Dementsprechend habe ich in den letzten Jahren einige Titel dieser Kategorie auf dem Schreibtisch gehabt. Doch während Ascarons Anstoß-Serie (in den frühen und mittleren 90ern ein Garant für Spaß und Tiefgang) eher durch Bugs als durch Qualität auffiel, übernahmen Electronic Arts und Sega mit ihren Fussball Manager- bzw. Football Manager-Neuauflagen die Tabellenführung.

Auf dem Weg nach oben?

Angesichts dieser Schwergewichte muss sich Ascaron einiges einfallen lassen, um in den lukrativen Topf der Titelaspiranten zu kommen. Und das nicht nur in Bezug auf Absturzanfälligkeit - allein mit alt hergebrachten Mechnismen und mittlerweile zum guten Standard gehörenden Funktionen lassen sich die Fans und auch ich nicht mehr hinter dem Ofen vorlocken. Das Gesamtpaket muss stimmig sein, Spaß machen und auch das eine oder andere noch unbekannte Feature bieten - zumal Anstoss wie gehabt durch keinerlei Lizenzen gepusht wird. Kein BDFL, keine Spielervereinigung und schon gar keine Bundesliga: Während Vereinsnamen wie Hamburg oder München eindeutig sind und entsprechende Assoziation wachrufen, hat man bei dem riesigen, aber komplett fiktiven Spielerangebot keinerlei bekannte Ansatzpunkte. Doch damit kann ich leben, da im Zweifel der mächtige Editor verwendet werden kann, um Anstoss mit Original-Namen und -Daten zu füttern.

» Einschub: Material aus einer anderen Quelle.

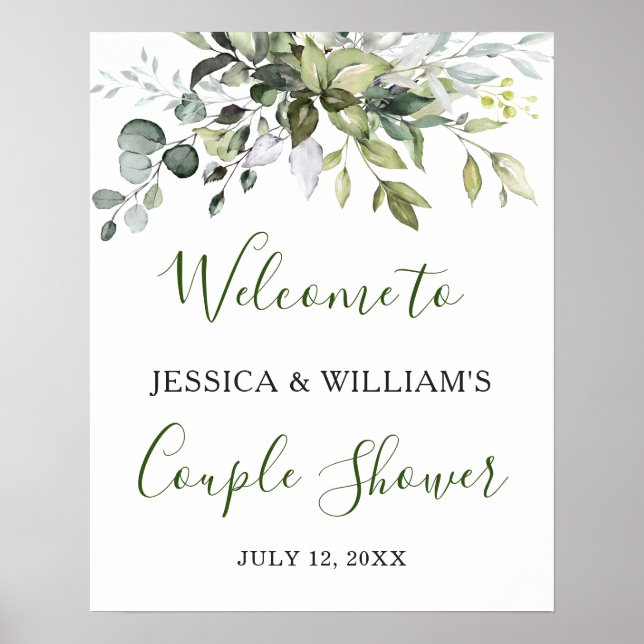 Affiche Panneau de douche de couple de verdure d'eucalyptu (Devant)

Ihr bekommt für alle Bereiche umfangreiche Statistiken.
Da Anstoss natürlich auch mit der Edition 2007 das Manager- bzw. Trainer-Rad nicht neu erfindet, bleiben Kernmechanismen erhalten - genau so, wie man sie entweder aus den letzten Teilen Anstoss-Serie bzw. der allgemeinen Konkurrenz kennt.

Zu Ersterer gehört z.B. der immer noch vorhandene Humor, der die Reihe seit Anbeginn an geprägt und einzigartig gemacht hat: Merkwürdige Anrufe auf dem Anrufbeantworter, witzige Ansprachen der Trainer und immer wieder auftauchende Kommentare lockern das Geschehen auf. Auch die eingeschränkten Möglichkeiten der Finanzstruktur kennt man bereits: Ihr müsst euch so gut es geht an das zusammen mit dem Präsidium vereinbarte Budget für alle Bereiche halten - sonst gibt's Saures! So kann man sich auf den Trainerjob an sich konzentrieren; und das ist schwer genug!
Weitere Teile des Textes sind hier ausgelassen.